→ **INFORMATION SHOWN**
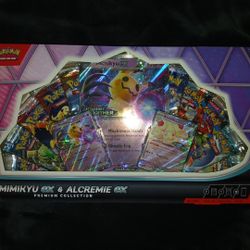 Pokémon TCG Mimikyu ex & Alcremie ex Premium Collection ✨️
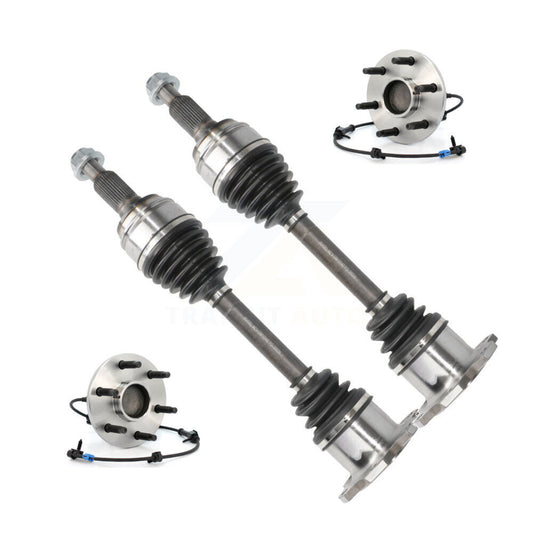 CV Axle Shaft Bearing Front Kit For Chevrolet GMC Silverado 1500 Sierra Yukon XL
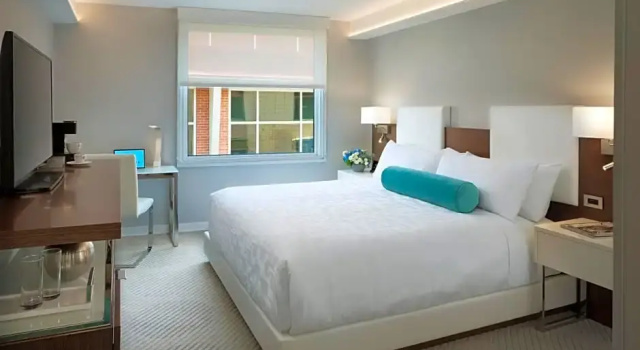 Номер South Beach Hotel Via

→ **WHAT THE TASK ASKS**
Return the lines of the data above in full and exactly, with no pictures.

→ **REPLY TO THE EXERCISE**
 Pokémon TCG Mimikyu ex & Alcremie ex Premium Collection ✨️
 CV Axle Shaft Bearing Front Kit For Chevrolet GMC Silverado 1500 Sierra Yukon XL
 Номер South Beach Hotel Via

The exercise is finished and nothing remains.